Three Cities; Three Local Coffee Shops to Check Out

I’ve been reluctant to publish on this blog exactly where I live, but it’s getting to the point where I’m really owning the cities I’ve lived in. I’m old enough now to not feel stuck in one place (thank goodness for my ugly old Honda), and so I can appreciate a city’s culture much more than I did when in high school. And when I go exploring, and discover great places, I want to share them! Place is such an important part of life (also of the marketing mix, in case you were curious), and I’m ready to begin sharing some of my places with you.
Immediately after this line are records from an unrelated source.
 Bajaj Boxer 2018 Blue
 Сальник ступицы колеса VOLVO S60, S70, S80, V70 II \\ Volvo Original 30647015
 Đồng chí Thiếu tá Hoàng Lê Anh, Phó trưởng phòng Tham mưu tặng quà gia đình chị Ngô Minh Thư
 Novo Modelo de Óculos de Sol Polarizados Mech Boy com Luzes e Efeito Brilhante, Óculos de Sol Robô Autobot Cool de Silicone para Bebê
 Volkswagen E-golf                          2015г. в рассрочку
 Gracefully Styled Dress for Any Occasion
So where am I from? Tennessee, y’all. It’s one of the most beautiful, vibrant places in this entire country. We have the Smoky Mountains to the east, the rolling farmland of middle TN, and the beginning of plains country right before you hit Arkansas.

I’ve lived in 3 cities in TN; two east and one middle. And I’ve found a good local coffee shop in each of them, one that I’ve claimed (or plan to claim) as my own. So if you ever visit any of these 3 cities, here are the coffee shops you need to check out.

Knoxville: K Brew

K Brew
Source: K Brew’s Site

Knoxville is where I grew up, and thanks to my mom’s outgoing nature, I know or know of a ton of people there. One of the founders of K Brew happens to be the son of my high school band director.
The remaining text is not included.